Python user-defined table functions (UDTFs) in Unity Catalog
Registering Python UDTFs in Unity Catalog is in Public Preview.
A Unity Catalog user-defined table function (UDTF) allows you to register functions that return complete tables instead of scalar values. Unlike scalar functions that return a single result value from each call, UDTFs are invoked in a SQL statement's FROM
clause and can return multiple rows and columns.
UDTFs are particularly useful for:
- Transforming arrays or complex data structures into multiple rows
- Integrating external APIs or services into SQL workflows
- Implementing custom data generation or enrichment logic
- Processing data that requires stateful operations across rows
Each UDTF call can accept zero or more arguments.
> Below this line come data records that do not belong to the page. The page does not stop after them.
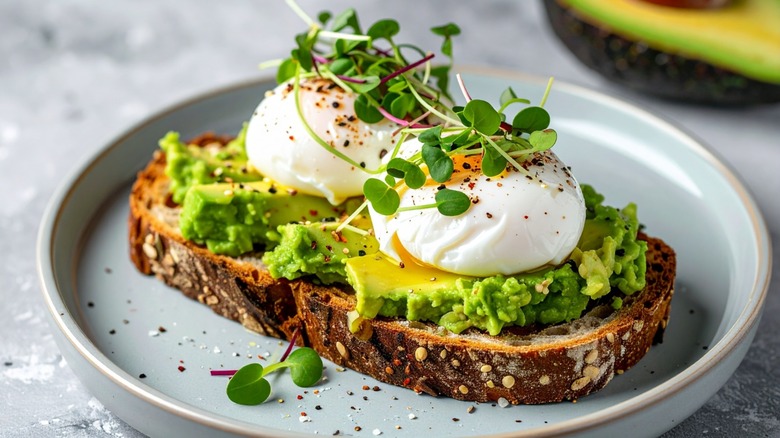 Avocado toast with poached eggs and micro greens on a gray plate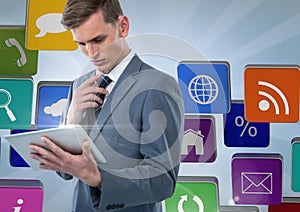 Businessman using tablet against applications icons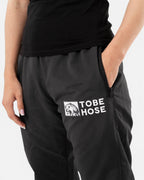 Tobe Hose Studio Damen-Hose Luft in Schwarz aus robustem Nylon mit Reißverschlusstasche und gesticktem Hyänen-Logo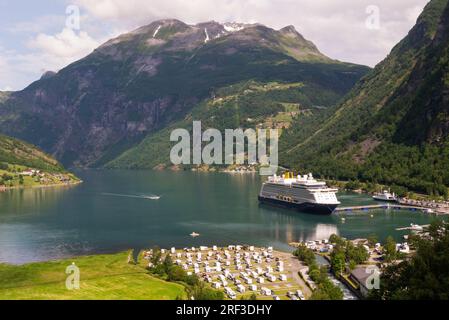 Vue vers le bas à Geirangerfjord de la cascade à pied avec bateau de croisière anglais amarré à Seawalk articulé jetée flottante Geiranger petit village touristique N Banque D'Images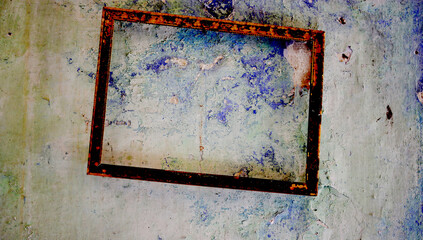empty abandoned picture frame still hanging on an old wall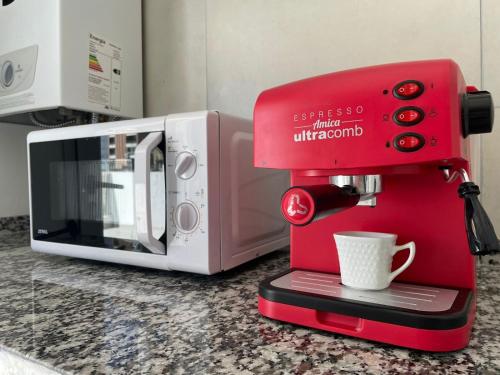 a red coffee maker sitting next to a microwave at Dpto nuevo Centro Cochera super Balcón Asador in Santa Fe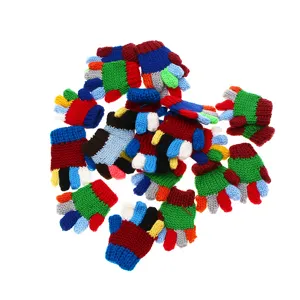 Close-up detail of miniature knitted gloves for dollhouse micro-scene decoration and hobby crafts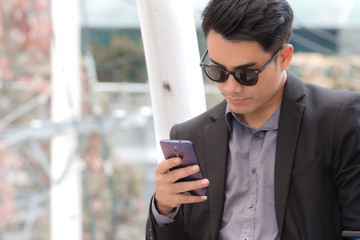 Smart young business man is checking message in his mobile phone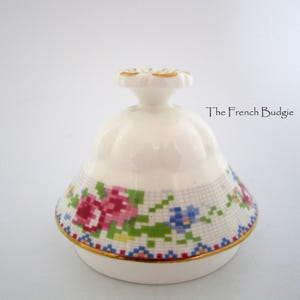 May include: A white ceramic trinket box lid with a floral cross-stitch design in pink, blue, and green. The lid has a gold rim and a decorative flower-shaped handle. The text "The French Budgie" is visible.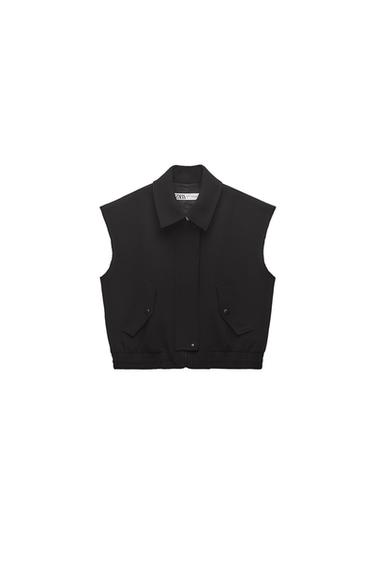CHALECO CUELLO CAMISERO BOLSILLOS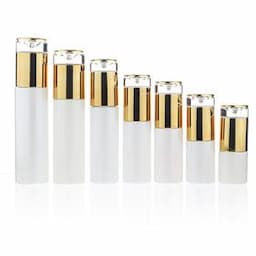 Wholesale Luxury skin care white cosmetic glass lotion bottle and glass cream jar with gold cap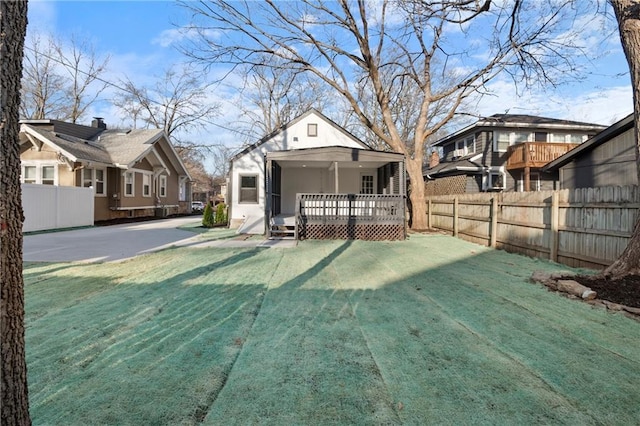 back of house with a yard, a deck, and fence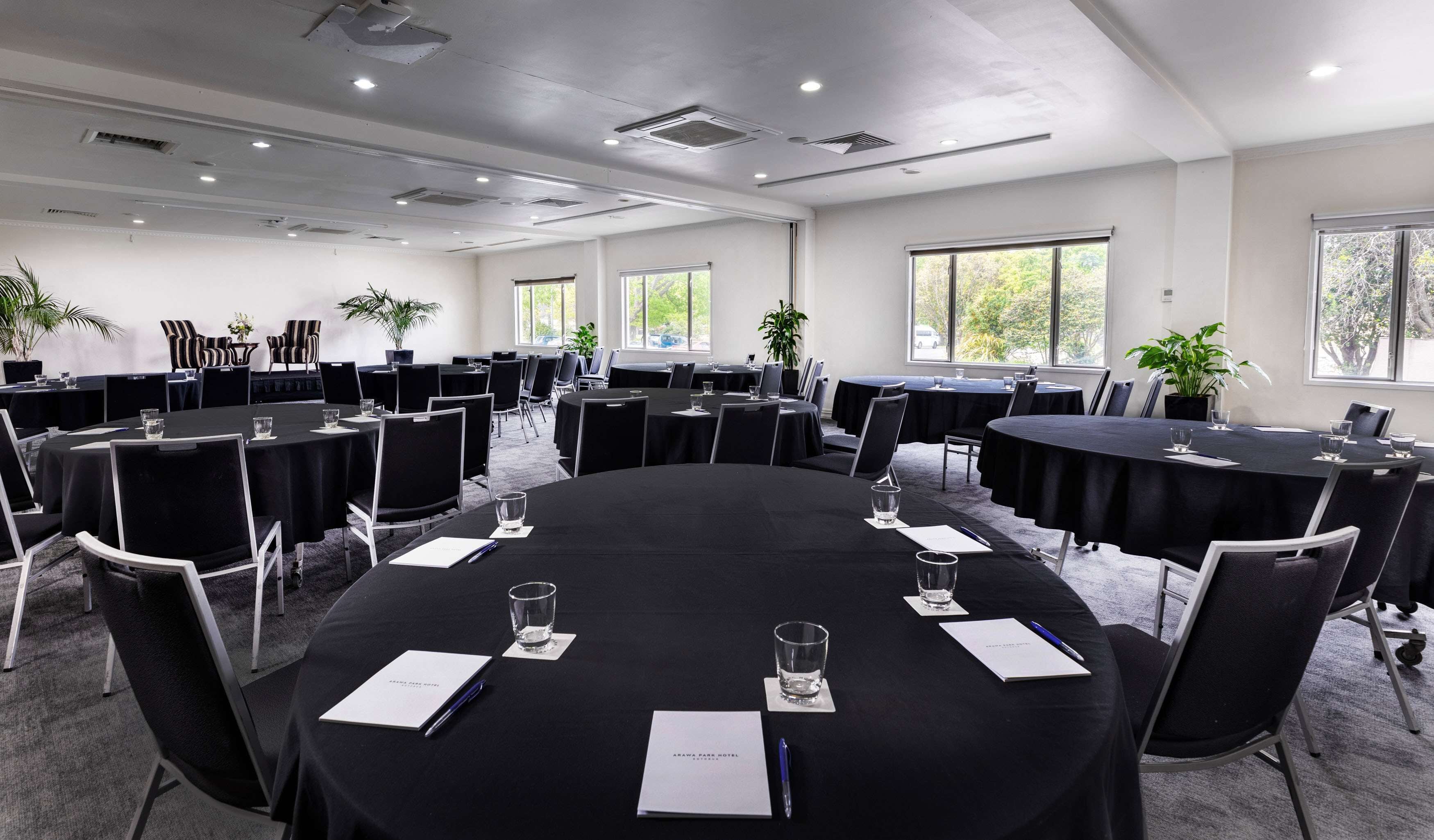 A conference room with multiple tables, chairs, and potted plants.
These arguments can be scalar expressions or table arguments representing entire input tables.
UDTFs can be registered in two ways:
- Unity Catalog: Register the UDTF as a governed object in Unity Catalog.
- Session-scoped: Register to the local
SparkSession
, isolated to the current notebook or job. See Python user-defined table functions (UDTFs).
Requirements
Unity Catalog Python UDTFs are supported on the following compute types:
- Classic compute with standard access mode (Databricks Runtime 17.1 and above)
- SQL warehouse (serverless, pro, and classic)
Create a UDTF in Unity Catalog
Use SQL DDL to create a governed UDTF in Unity Catalog. UDTFs are invoked using a SQL statement’s FROM
clause.
CREATE OR REPLACE FUNCTION square_numbers(start INT, end INT)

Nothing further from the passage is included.